++++ Input for this task ++++

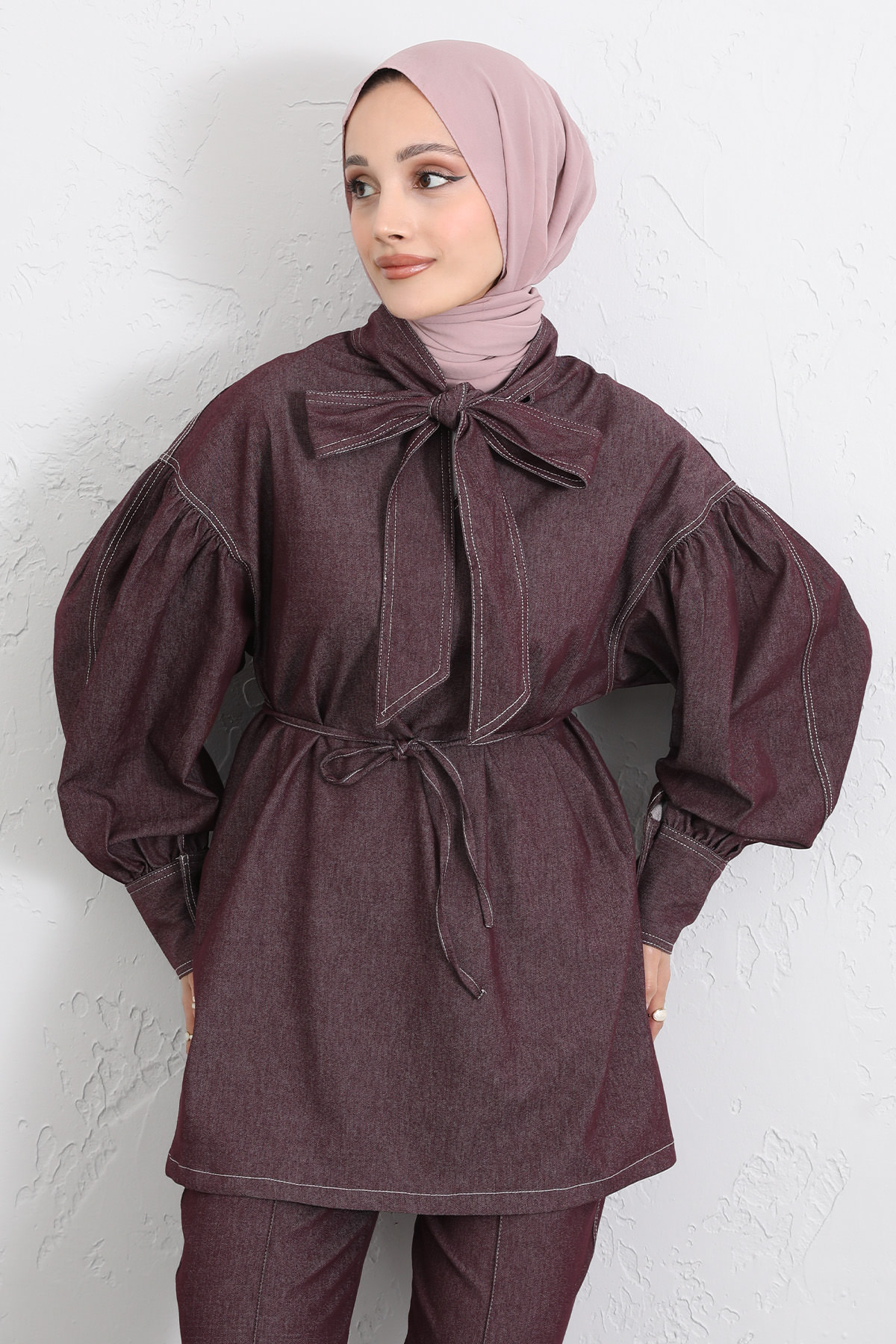 Yaka Bağlamalı Denim Takım Y0114 - BORDO |  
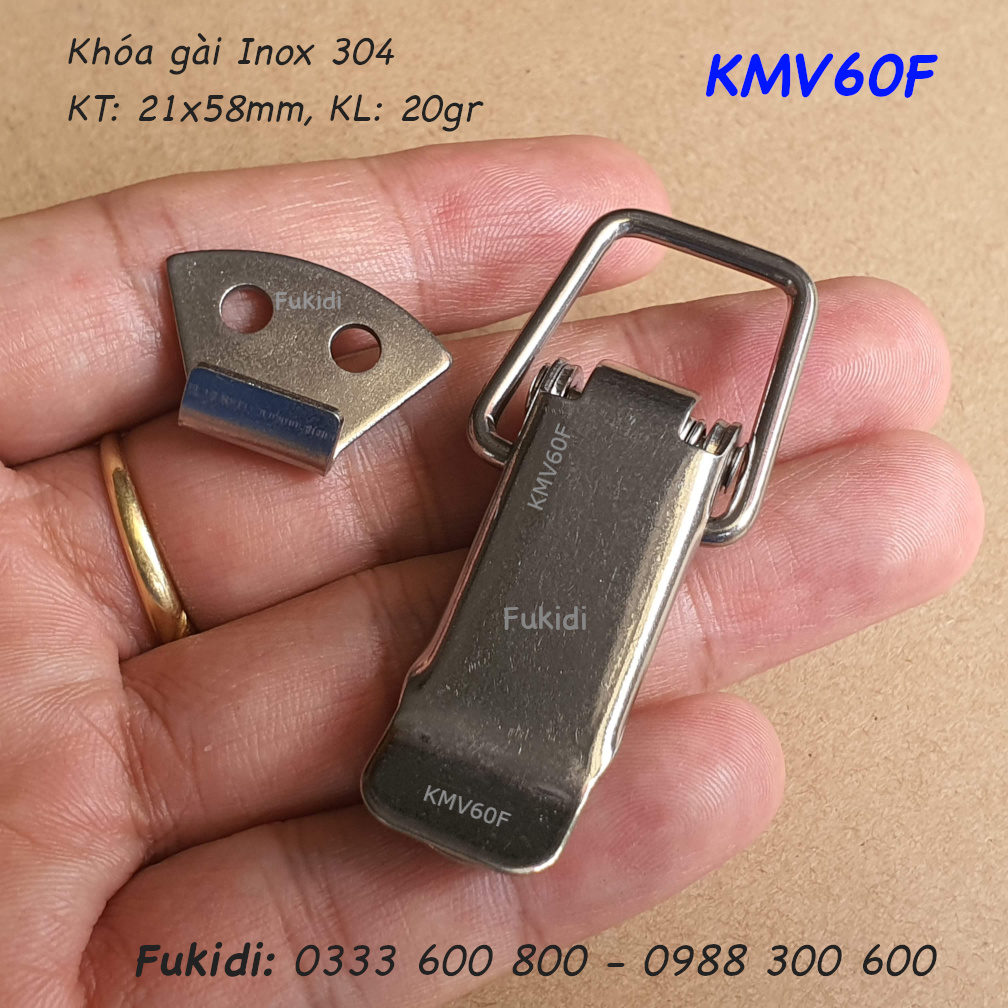 Khóa mỏ vịt, khóa gài inox 304, KT 58x21mm - KMV60F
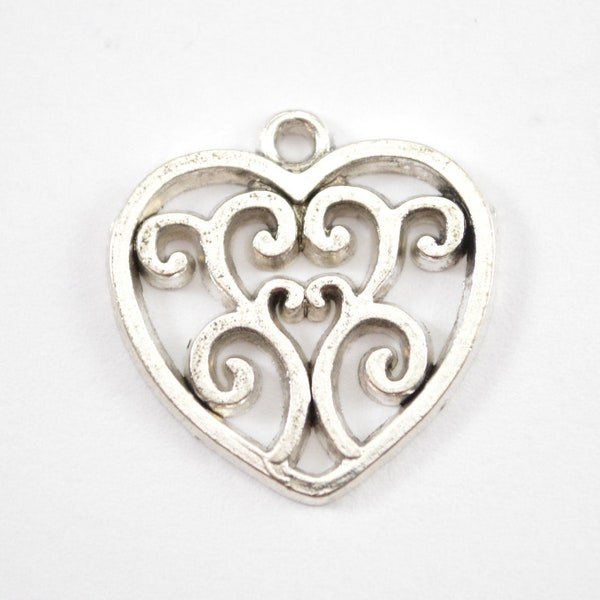 Silver Heart Charms, 10pcs,  Hollow Outline 21mm x 20mm, d181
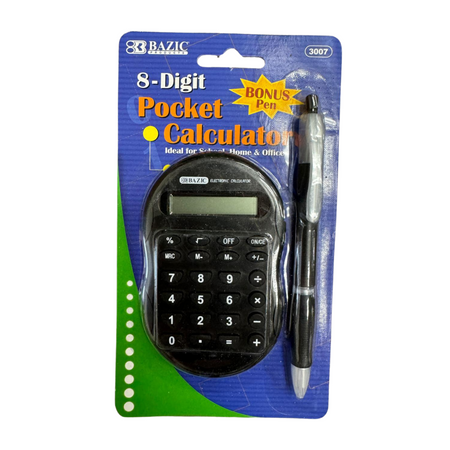 Bazic 8-Digit Pocket Calculator 12/1ct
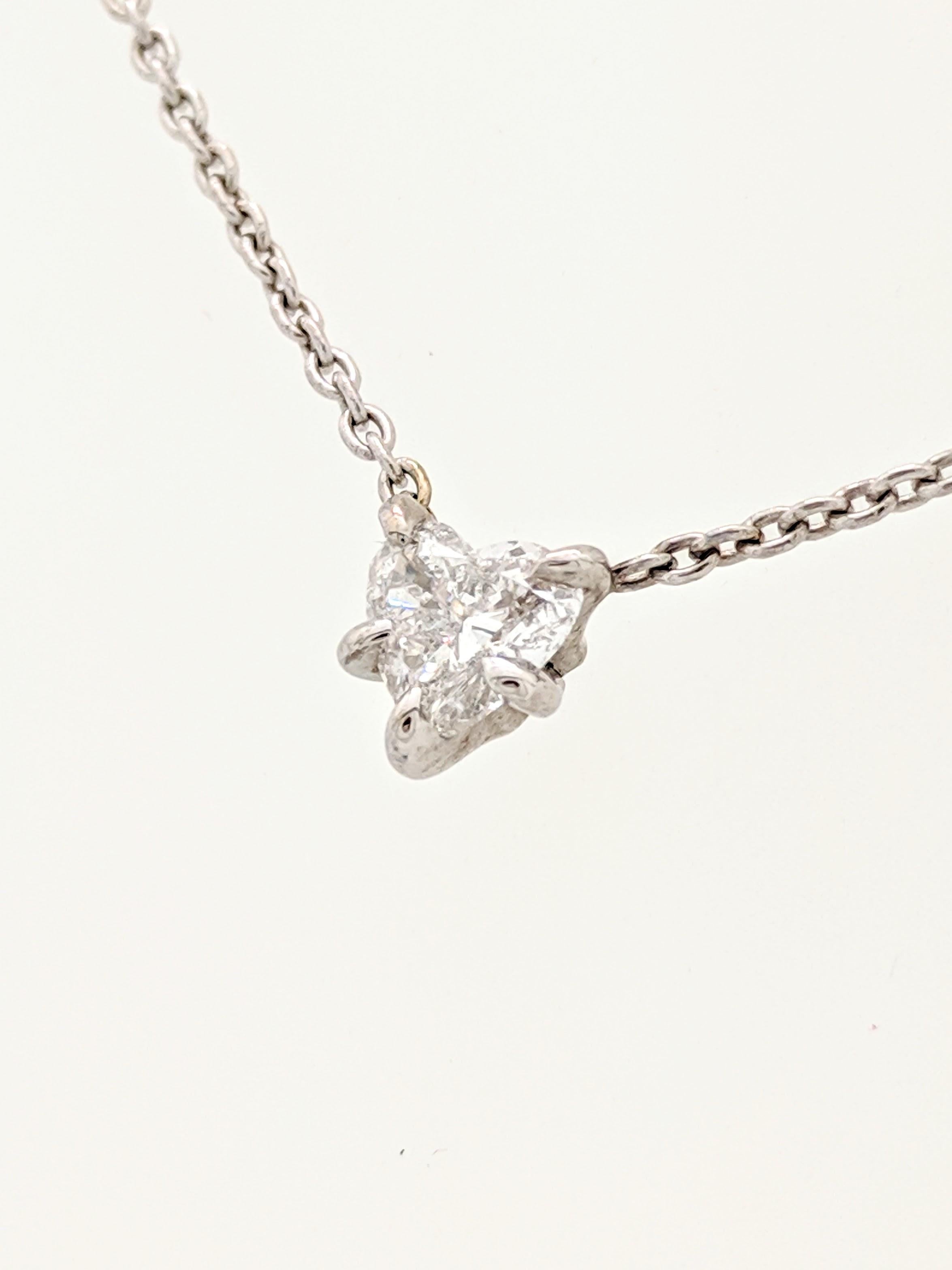 .63 Carat Heart Shaped Diamond Pendant Necklace SI1/H For Sale 1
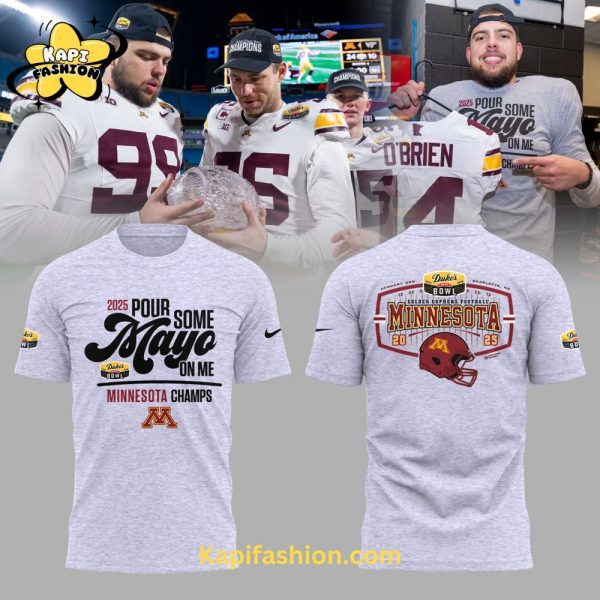 Minnesota Golden Gophers Football NCAA Nike Limited Duke Mayo Bowl Champions 2025 Grey T Shirt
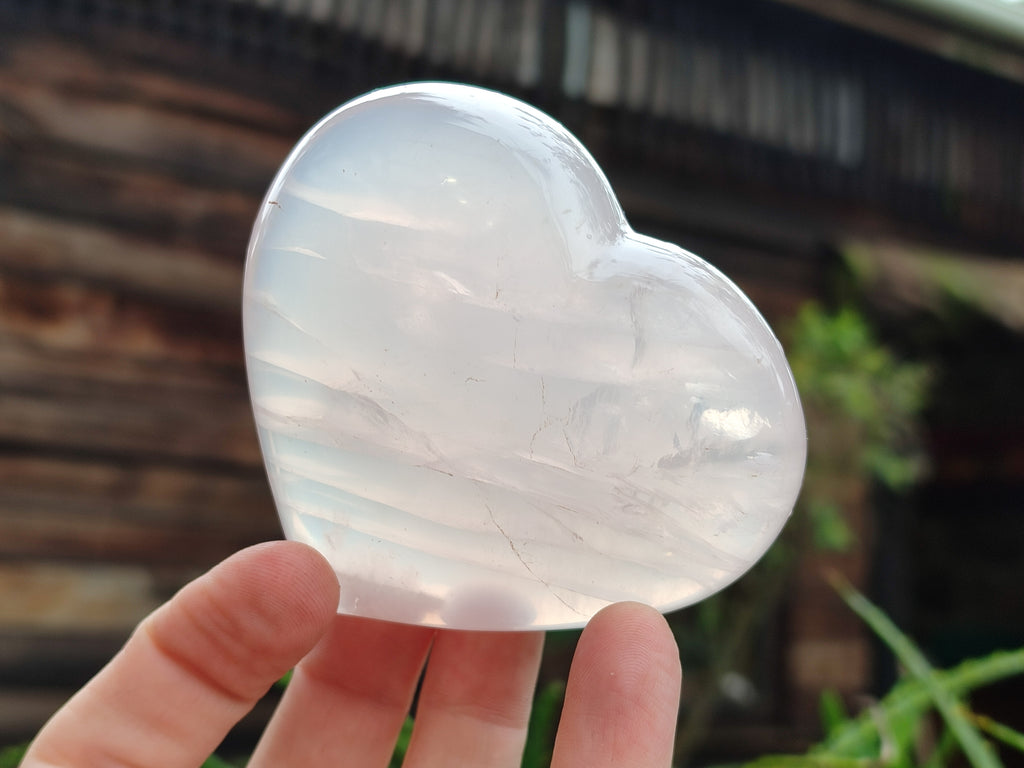 Polished Girasol Rose Quartz Hearts x 3 From Ambatondrazaka, Madagascar - Toprock Gemstones and Minerals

++++

# Assignment
Your reply should restate every entry exactly, with the pictures left out.

# Solution to this exercise
 Yaka Bağlamalı Denim Takım Y0114 - BORDO |  
 Khóa mỏ vịt, khóa gài inox 304, KT 58x21mm - KMV60F
 Silver Heart Charms, 10pcs,  Hollow Outline 21mm x 20mm, d181
 Bazic 8-Digit Pocket Calculator 12/1ct
 .63 Carat Heart Shaped Diamond Pendant Necklace SI1/H For Sale 1
 Minnesota Golden Gophers Football NCAA Nike Limited Duke Mayo Bowl Champions 2025 Grey T Shirt
 Polished Girasol Rose Quartz Hearts x 3 From Ambatondrazaka, Madagascar - Toprock Gemstones and Minerals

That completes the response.